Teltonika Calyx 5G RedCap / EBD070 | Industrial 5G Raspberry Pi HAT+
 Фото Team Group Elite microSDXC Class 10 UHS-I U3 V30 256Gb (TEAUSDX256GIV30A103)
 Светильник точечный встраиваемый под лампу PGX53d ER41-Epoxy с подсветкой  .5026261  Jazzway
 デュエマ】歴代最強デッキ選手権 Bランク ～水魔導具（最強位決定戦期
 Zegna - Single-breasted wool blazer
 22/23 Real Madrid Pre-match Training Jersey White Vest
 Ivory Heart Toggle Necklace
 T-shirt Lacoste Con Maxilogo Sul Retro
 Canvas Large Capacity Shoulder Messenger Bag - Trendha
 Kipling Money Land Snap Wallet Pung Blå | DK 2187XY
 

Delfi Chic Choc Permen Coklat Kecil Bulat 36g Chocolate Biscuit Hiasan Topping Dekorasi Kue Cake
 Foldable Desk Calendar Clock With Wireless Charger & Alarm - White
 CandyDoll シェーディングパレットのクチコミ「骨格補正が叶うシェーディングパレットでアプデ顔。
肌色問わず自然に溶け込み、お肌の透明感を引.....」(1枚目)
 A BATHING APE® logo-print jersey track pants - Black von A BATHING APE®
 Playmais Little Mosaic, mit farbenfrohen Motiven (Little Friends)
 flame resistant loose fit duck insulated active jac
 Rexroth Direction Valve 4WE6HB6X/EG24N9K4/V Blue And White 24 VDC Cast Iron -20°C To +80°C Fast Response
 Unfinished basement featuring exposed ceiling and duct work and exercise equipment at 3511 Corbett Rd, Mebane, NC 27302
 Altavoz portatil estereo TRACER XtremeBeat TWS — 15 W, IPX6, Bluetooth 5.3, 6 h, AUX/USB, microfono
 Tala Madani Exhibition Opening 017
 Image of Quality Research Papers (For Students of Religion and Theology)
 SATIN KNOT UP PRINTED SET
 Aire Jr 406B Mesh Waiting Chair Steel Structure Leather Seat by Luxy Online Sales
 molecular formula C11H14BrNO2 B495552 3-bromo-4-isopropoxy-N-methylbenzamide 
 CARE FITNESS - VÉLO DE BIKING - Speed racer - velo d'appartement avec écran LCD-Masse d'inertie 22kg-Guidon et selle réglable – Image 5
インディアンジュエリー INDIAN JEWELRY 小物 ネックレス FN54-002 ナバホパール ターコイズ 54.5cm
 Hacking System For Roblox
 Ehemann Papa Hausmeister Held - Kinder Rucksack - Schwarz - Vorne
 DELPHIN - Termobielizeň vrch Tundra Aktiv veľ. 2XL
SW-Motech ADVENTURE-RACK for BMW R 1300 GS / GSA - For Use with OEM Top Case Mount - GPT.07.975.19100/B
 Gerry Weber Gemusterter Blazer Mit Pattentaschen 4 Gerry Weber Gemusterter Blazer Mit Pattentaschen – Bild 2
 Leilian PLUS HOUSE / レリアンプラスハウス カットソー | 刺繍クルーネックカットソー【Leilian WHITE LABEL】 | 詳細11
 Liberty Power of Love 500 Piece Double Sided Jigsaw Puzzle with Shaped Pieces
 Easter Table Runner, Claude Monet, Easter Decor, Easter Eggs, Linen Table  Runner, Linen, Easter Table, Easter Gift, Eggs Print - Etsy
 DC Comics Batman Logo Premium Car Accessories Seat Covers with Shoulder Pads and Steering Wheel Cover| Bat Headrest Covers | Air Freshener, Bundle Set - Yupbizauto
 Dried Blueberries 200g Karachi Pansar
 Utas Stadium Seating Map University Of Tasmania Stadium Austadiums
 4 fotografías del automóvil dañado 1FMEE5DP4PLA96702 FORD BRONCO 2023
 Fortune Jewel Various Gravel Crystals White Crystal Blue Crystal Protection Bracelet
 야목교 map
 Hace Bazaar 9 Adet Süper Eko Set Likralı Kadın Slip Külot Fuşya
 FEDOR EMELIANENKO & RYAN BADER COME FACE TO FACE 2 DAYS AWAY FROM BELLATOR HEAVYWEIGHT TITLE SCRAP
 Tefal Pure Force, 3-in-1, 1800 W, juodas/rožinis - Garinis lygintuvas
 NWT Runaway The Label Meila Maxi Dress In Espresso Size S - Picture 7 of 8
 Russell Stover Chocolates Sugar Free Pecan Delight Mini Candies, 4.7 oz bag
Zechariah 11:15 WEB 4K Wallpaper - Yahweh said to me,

TASK BRIEF —
List every line above that holds the word "Image".

FINISHED TASK —
 Image of Quality Research Papers (For Students of Religion and Theology)
 CARE FITNESS - VÉLO DE BIKING - Speed racer - velo d'appartement avec écran LCD-Masse d'inertie 22kg-Guidon et selle réglable – Image 5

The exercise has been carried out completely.